### Exercise prompt
Print out the entries from the line containing "Cottage Kitchenette | Image 33" through the last line, exactly, and print nothing else. Pictures are not copied.

Extracted data entries
⟨

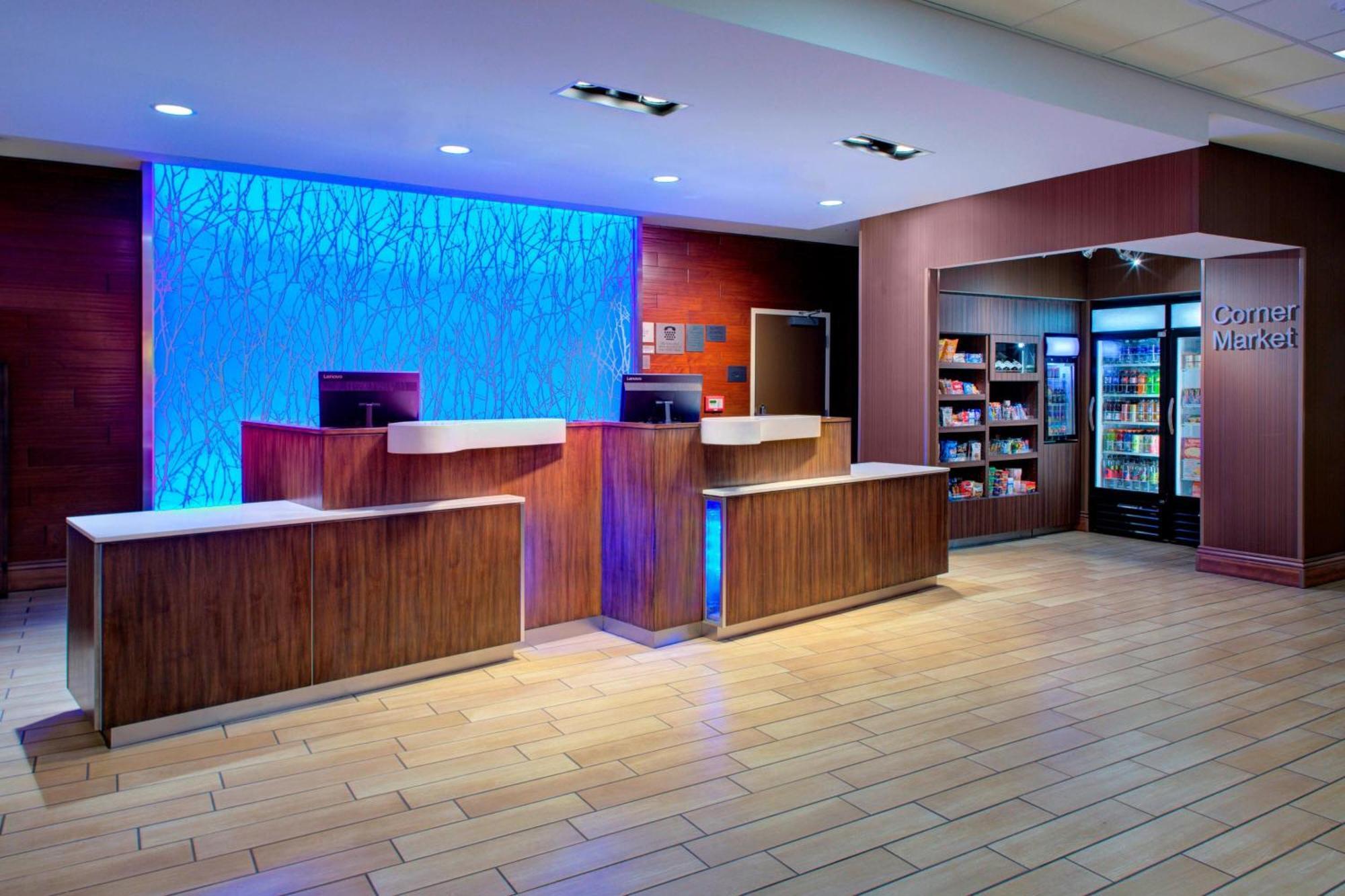 Fairfield Inn & Suites By Marriott Bakersfield North/Airport Eksteriør bilde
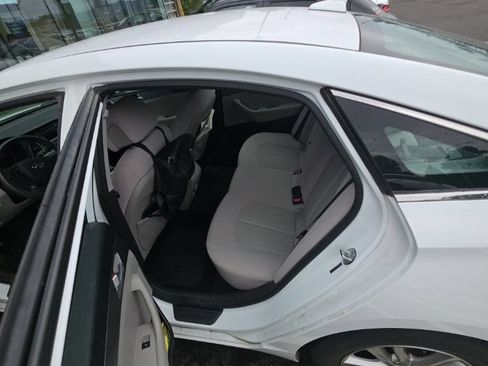 Used 2015 Hyundai Sonata SE FWD image 11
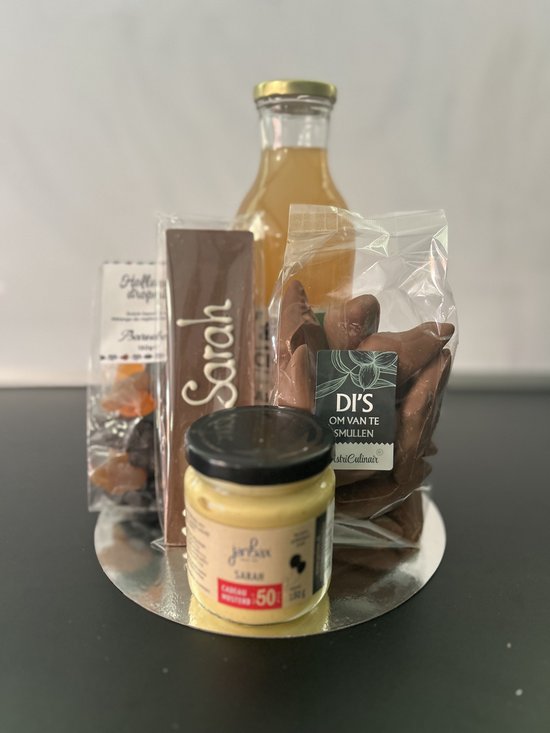 Sarah pakket -geschenkpakket- relatie geschenk - kado pakket - cadeau pakket - verjaardag - bakken - koken - eten en drinken - kerstpakketten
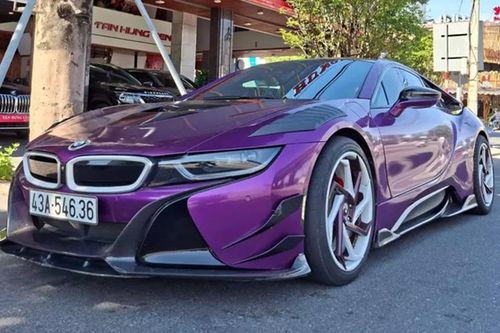Siêu xe BMW i8 'giá mềm' sở hữu gói độ lạ mắt ở Đà thành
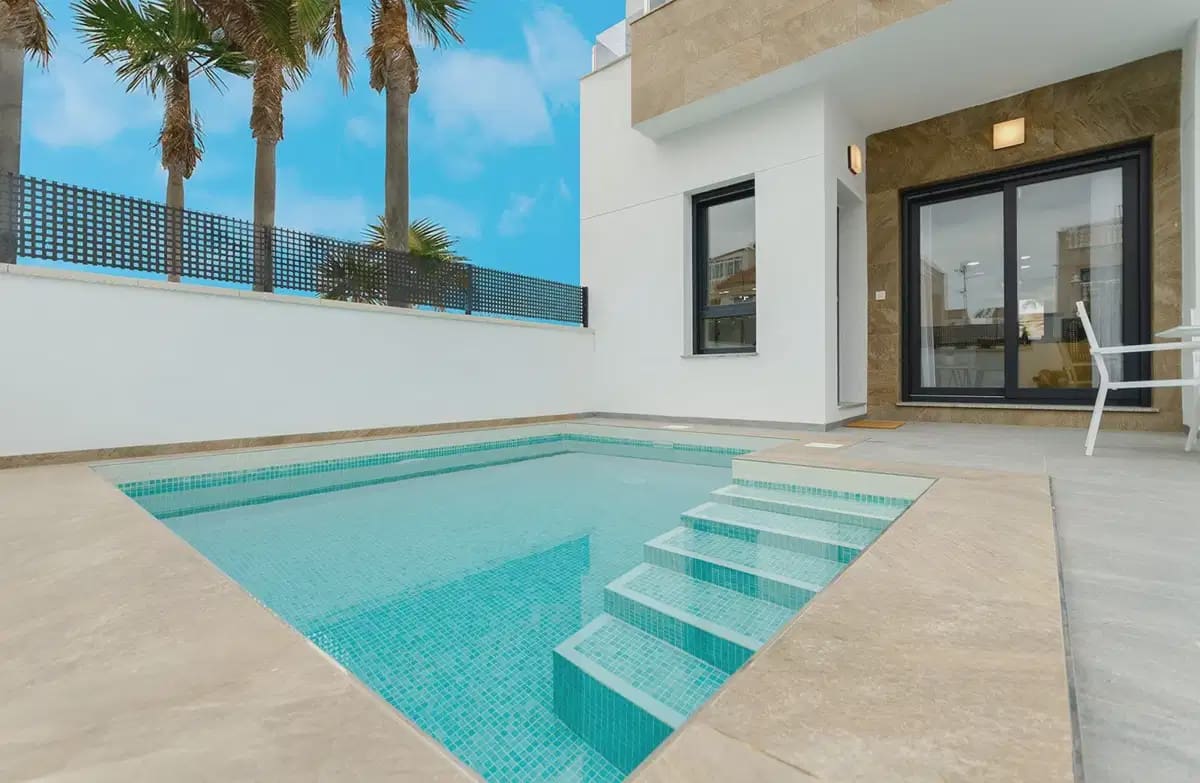 3 soverom Villa til salgs i Torrevieja med svømmebasseng garasje - € 424 000 (Ref: 9824504)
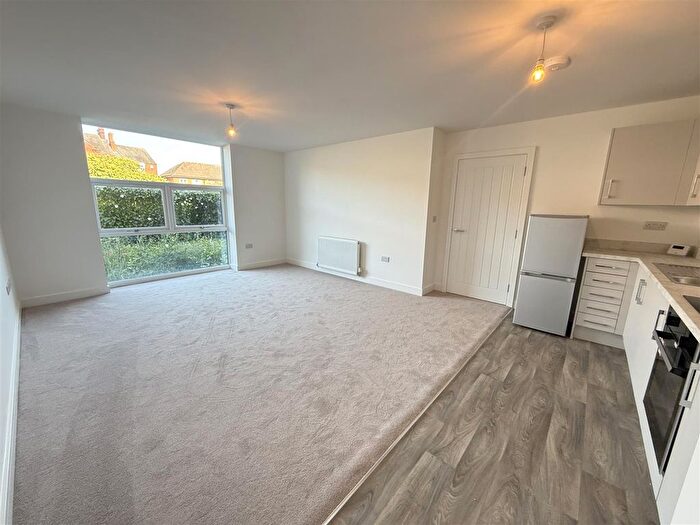 2 Bedroom Flat To Rent In Chadwick Court, Woodlands Village, Wakefield, WF1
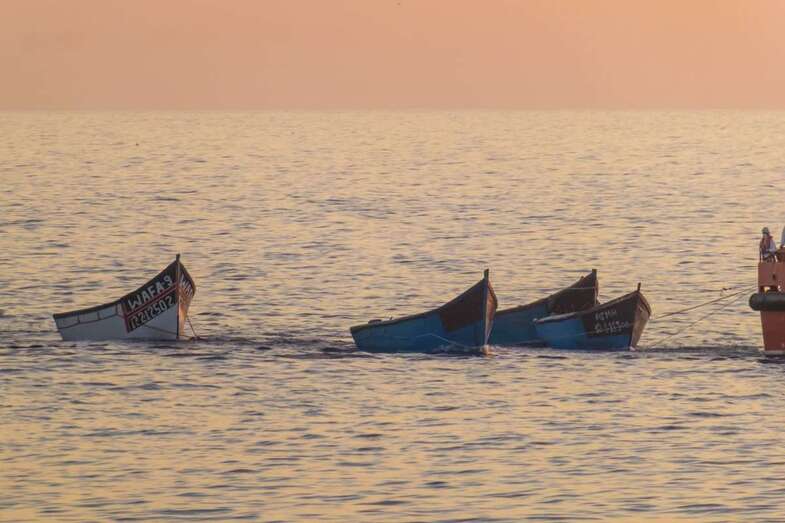 Salvamento Marítimo arrastra varias pateras, en una imagen de semanas atrás/Antonio Rico.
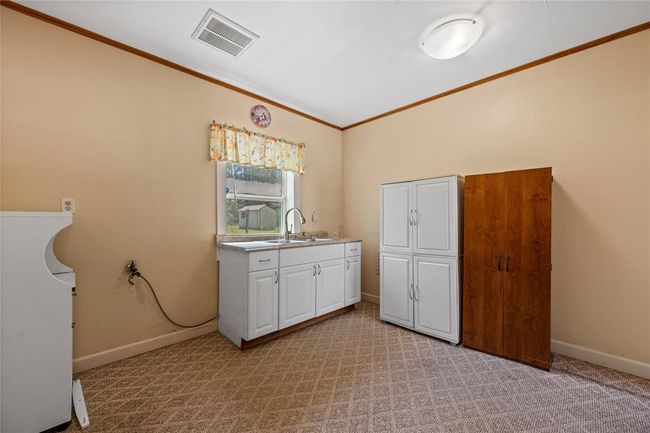 Cottage Kitchenette | Image 33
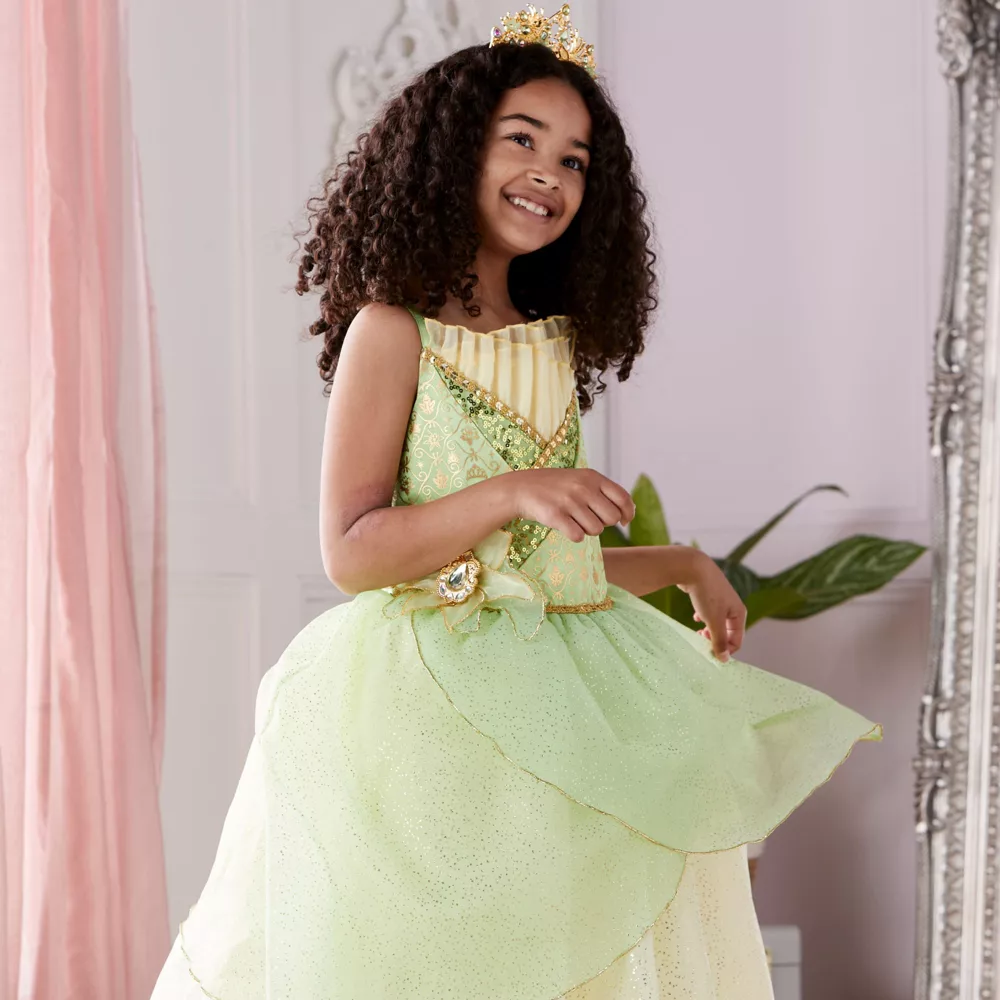 Disney Store Déguisement Tiana Pour Enfants, La Princesse Et La Grenouille 2 Disney Store Déguisement Tiana Pour Enfants, La Princesse Et La Grenouille – Image 2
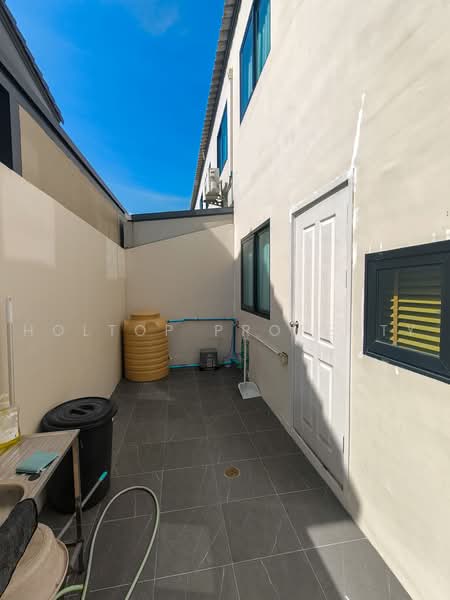 Areeya Como Wongwaen-Ratchaphruek, Nonthaburi, Bang Bua Thong-Suphan Buri Road, Bang Bua Thong, Nonthaburi, 2 Bedrooms, 141 sqm, Single Detached House For Rent, by Holtop Property, 500474836 - DDproperty.com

⟩

### Expected answer
 Cottage Kitchenette | Image 33
 Disney Store Déguisement Tiana Pour Enfants, La Princesse Et La Grenouille 2 Disney Store Déguisement Tiana Pour Enfants, La Princesse Et La Grenouille – Image 2
 Areeya Como Wongwaen-Ratchaphruek, Nonthaburi, Bang Bua Thong-Suphan Buri Road, Bang Bua Thong, Nonthaburi, 2 Bedrooms, 141 sqm, Single Detached House For Rent, by Holtop Property, 500474836 - DDproperty.com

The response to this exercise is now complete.